Dianggap Lakukan Provokasi, Mahasiswa dan Buruh Ditangkap Polisi
loading...
A
A
A
MALANG - Dua mahasiswa dan seorang buruh harian lepas ditangkap Satuan Reserse Kriminal (Satreskrim) Polresta Malang Kota, karena diduga melakukan aksi provokasi di tengah pandemi Covid-19.
Tiga orang yang ditangkap dan telah ditetapkan sebagai tersangka tersebut, antara lain mahasiswa berinisial MAA (20) warga Dusun Bugis, Desa Saptorenggo, Kecamatan Pakis, Kabupaten Malang; buruh harian lepas berinisial SRA (20) warga Dusun Krajan, Kelurahan Watugede, Kecamatan Singosari, Kabupaten Malang; dan mahasiswa berinisial AFF (22) warga Dukuh Tengah, Kecamatan Buduran, Kabupaten Sidoarjo
"Ketiganya kami jerat dengan pasal 14, 15 UU No. 1/1946 dan atau pasal 160 KUHP, dengan ancaman hukuman penjara 10 tahun. Mereka dinilai telah melakukan aksi provokasi, sehingga meresahkan masyarakat di tengah pandemi Covid-19," tegas Kapolresta Malang Kota, Kombes Pol. Leonardus Simarmat, Rabu (22/4/2020).
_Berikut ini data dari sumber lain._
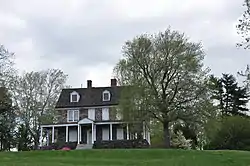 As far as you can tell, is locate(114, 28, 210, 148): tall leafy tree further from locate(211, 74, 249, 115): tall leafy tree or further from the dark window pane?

Perwira menengah Polri yang akrab disapa Leo ini menyebutkan, para tersangka telah melakukan aksi corat-coret di dinding dengan kata-kata provokatif, yakni "Tegalrejo Melawan". Aksi itu dilakukan di enam titik, yakni di Jalan Sunandar Priyo Sudarmo, Jalan LA. Sucipto, Jalan A. Yani Utara, Jalan Jaksa Agung Suprapto, dan Underpass Karanglo.
Tersangka MAA dan SRA disebut Leo, menjadi yang berinisiatif serta melakukan aksi pencoretan tersebut. Sementara tersangka AFF berperan mengawasi saat melakukan aksi pencoretan. "Cat semprot dibeli oleh tersangka MAA," ungkapnya.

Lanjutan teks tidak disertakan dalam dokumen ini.